Lecture 7
RN 12.4, 13.1–13.2 · PM 8.2–8.3
A joint distribution over \(n\) Boolean variables needs \(2^n\) probabilities.
| Variables | Probabilities |
|---|---|
| 6 (Holmes) | 64 |
| 10 | 1,024 |
| 20 | ~ 1 million |
| 30 | ~ 1 billion |
Independence lets us factor this huge joint into tiny pieces.
\(P(X | Y) = P(X), \quad P(Y | X) = P(Y), \quad P(X \wedge Y) = P(X)\, P(Y)\).
Learning \(Y\) does not change our belief about \(X\).
Two probabilities (the priors) suffice to recover four joint probabilities.
\(P(X | Y \wedge Z) = P(X | Z), \quad P(Y | X \wedge Z) = P(Y | Z), \quad P(X \wedge Y | Z) = P(X | Z)\, P(Y | Z)\).
Once we know \(Z\), learning \(Y\) doesn't change our belief about \(X\).

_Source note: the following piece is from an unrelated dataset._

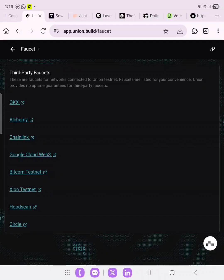Hello guys, welcome to today's video. We'll be talking about the Union Build version 2. If you participated in or watched my video on version 1, you should be able to complete version 2 following these easy steps. This is a tutorial guide on how you can use your phone to participate in the Union Build version 2 testnet.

Important: independence does not imply conditional independence, and vice versa. We'll see both on later slides.
Three Boolean variables \(A, B, C\). How many probabilities are needed to specify the joint?
Q1. No independence assumed.
Q2. \(A, B, C\) all mutually independent.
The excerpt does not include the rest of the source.